5. Mengalami gatal-gatal di sekitar anus.

 

Pembuluh darah bisa membengkak di dalam anus dan tidak dapat terlihat, ini disebut sebagai hemoroid internal. Pembengkakan juga bisa terjadi di luar anus yang terasa lebih nyeri, yaitu di dekat lubang anus, disebut sebagai hemoroid eksternal.
Wasir atau hemoroid adalah penyakit yang umum terjadi. Pada usia 50 tahun, hampir setengah orang dewasa menderita gatal-gatal, tidak nyaman, dan pendarahan. Ini bisa menandakan munculnya hemoroid.

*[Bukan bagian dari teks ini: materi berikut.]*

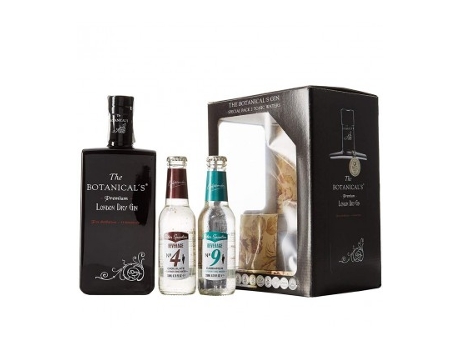 The Botanical's Gin Pack con dos tónicas LANGLEY DISTILLERY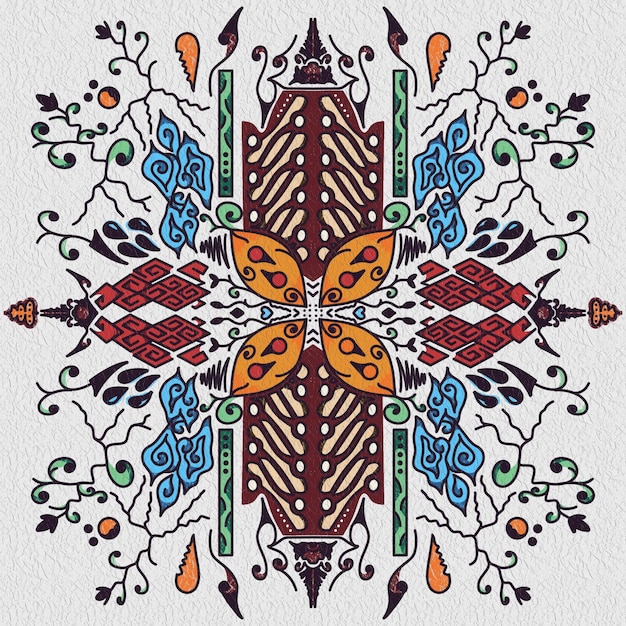 Batik padrão com ornamento abstrato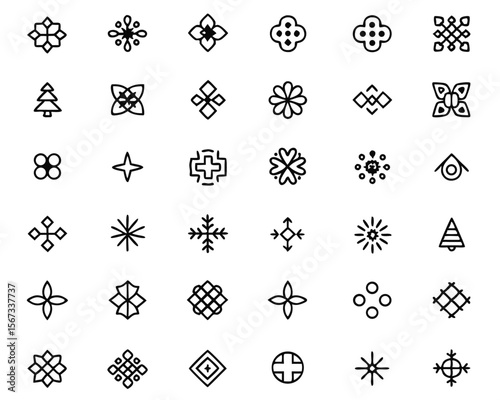 neo tribal shapes gothic patterns in a modern desi 3.svg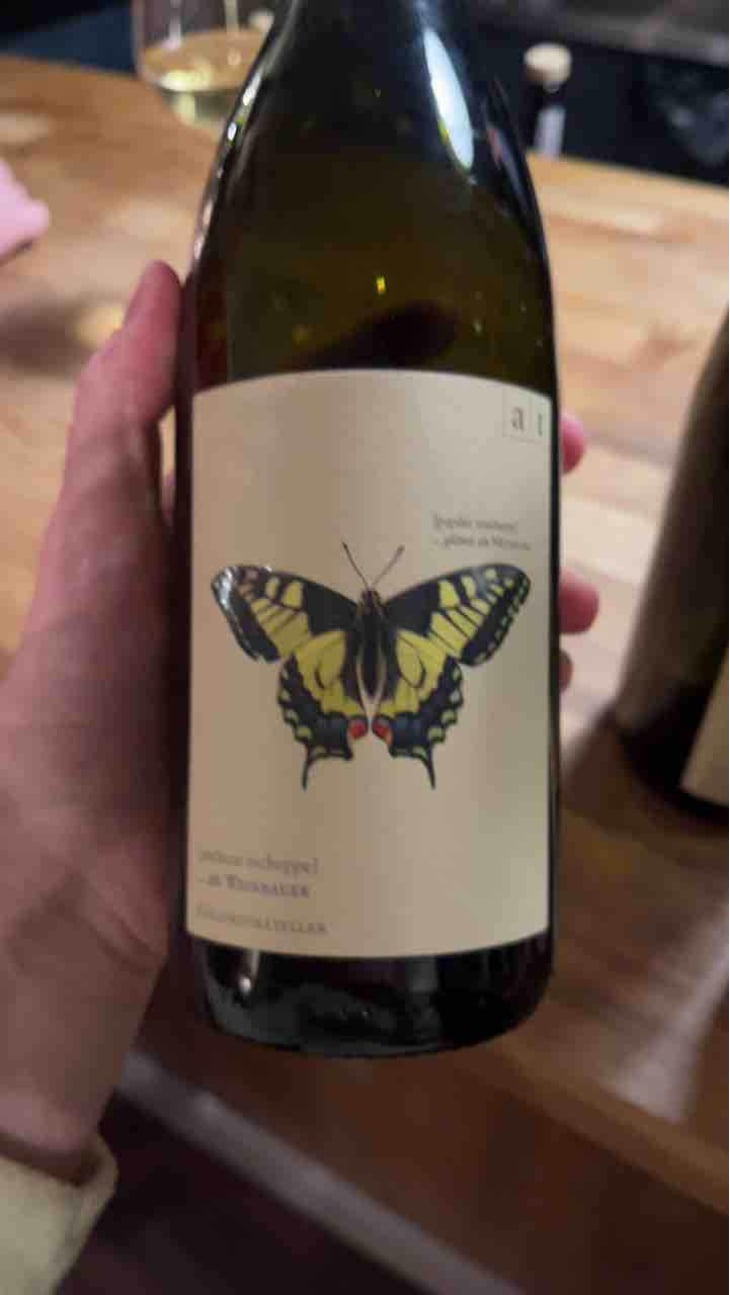 Schwalbenschwanz - Muskateller Maischevergoren - Weingut Andreas & Elisabeth Tscheppe - Andreas & Elisabeth Tscheppe 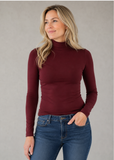 One Size | Signature Stretch Long Sleeve Mockneck Turtleneck (MANY COLORS)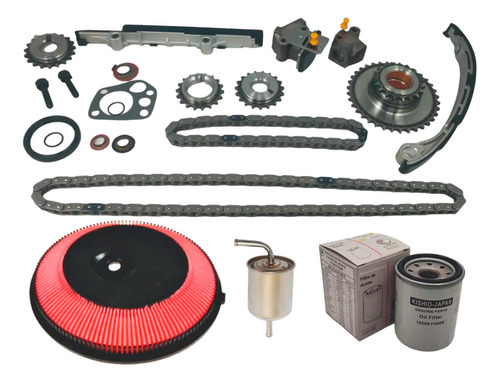 Kit Distribución Con Filtros Nissan Pickup D22 2.4 09-13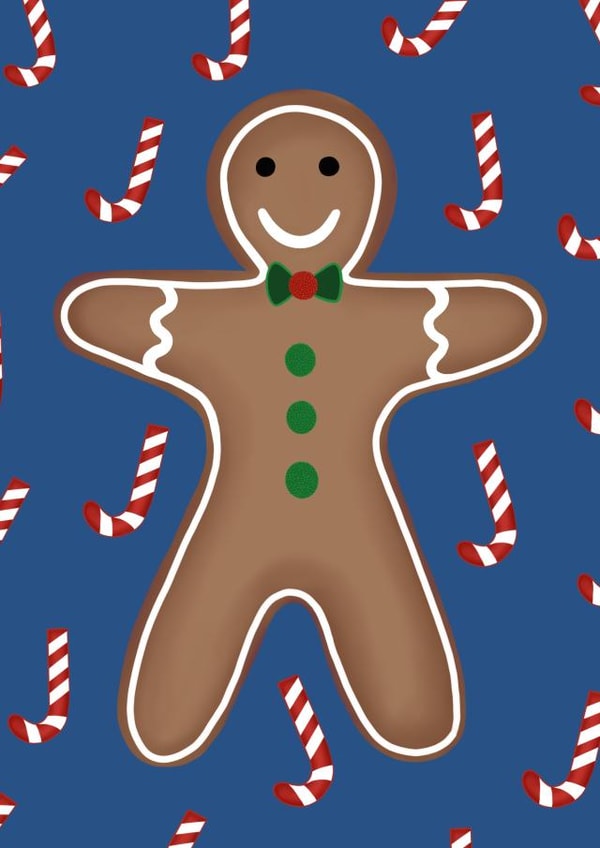 gingerbread gingerbreadman Card 36840 created by Eves & Moon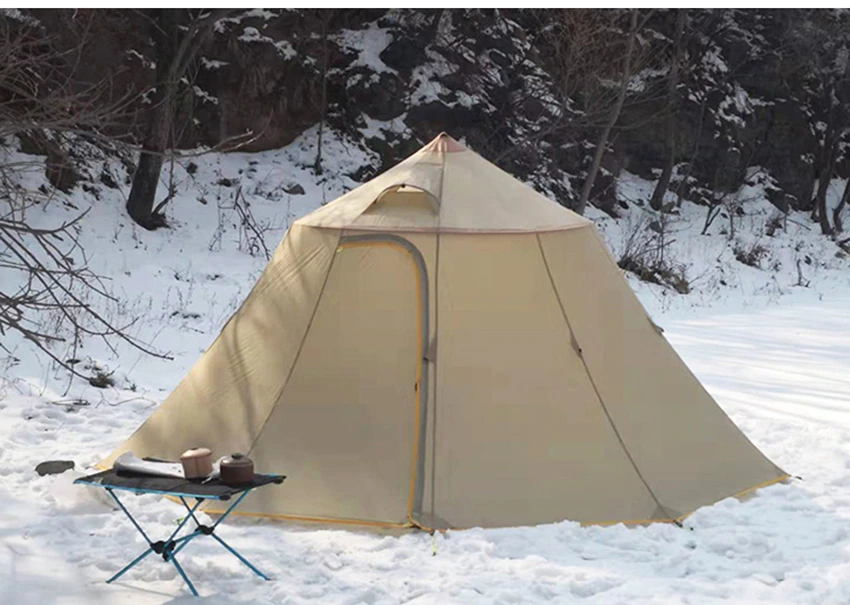 Cheap Goat Tents ASTA new arrival SHANJU 2 to 6 person 20d silnylon big space outdoor camping tent Tents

Penderita Wasir atau Hemoroid di Indonesia
Menurut data Depkes pada tahun 2008, prevalensi hemoroid di Indonesia setidaknya 5,7 persen dari total populasi atau sekitar 10 juta orang. Menurut data WHO tahun 2008, jumlah penderita wasir atau hemoroid di seluruh dunia adalah sekitar 230 juta orang.
Berkonsultasi Kepada Dokter

 

Jika gejala yang muncul tidak membaik, sebaiknya konsultasikan kepada dokter. Terutama jika Anda mengalami pendarahan atau merasa perih. Gejala hemoroid biasanya hilang dengan sendirinya. Selain itu, kondisi ini bisa disembuhkan dengan pengobatan sederhana yang bisa dibeli di apotek tanpa memakai resep.
Dokter bisa mendiagnosis apakah Anda menderita hemoroid dengan menanyakan riwayat kesehatan dan juga melakukan pemeriksaan fisik. Dokter juga akan memeriksa saluran pembuangan Anda. Beberapa orang merasa enggan untuk bertemu dokter. Anda tidak perlu merasa malu, semua dokter sudah terbiasa dalam memeriksa dan manangani wasir, karena ini adalah penyakit yang sangat umum.


Penyebab Wasir (Hemoroid)
Penyakit ini dihubungkan dengan adanya peningkatan tekanan darah dalam pembuluh darah yang berada di anus dan sekitarnya.Peningkatan tekanan darah di area anus dan rektum bisa disebabkan karena terlalu lama mengejan saat buang air besar. Konstipasi jadi penyebab utama dari orang mengejan. Konstipasi yang terjadi biasanya akibat dari kekurangan nutrisi serat di dalam makanan.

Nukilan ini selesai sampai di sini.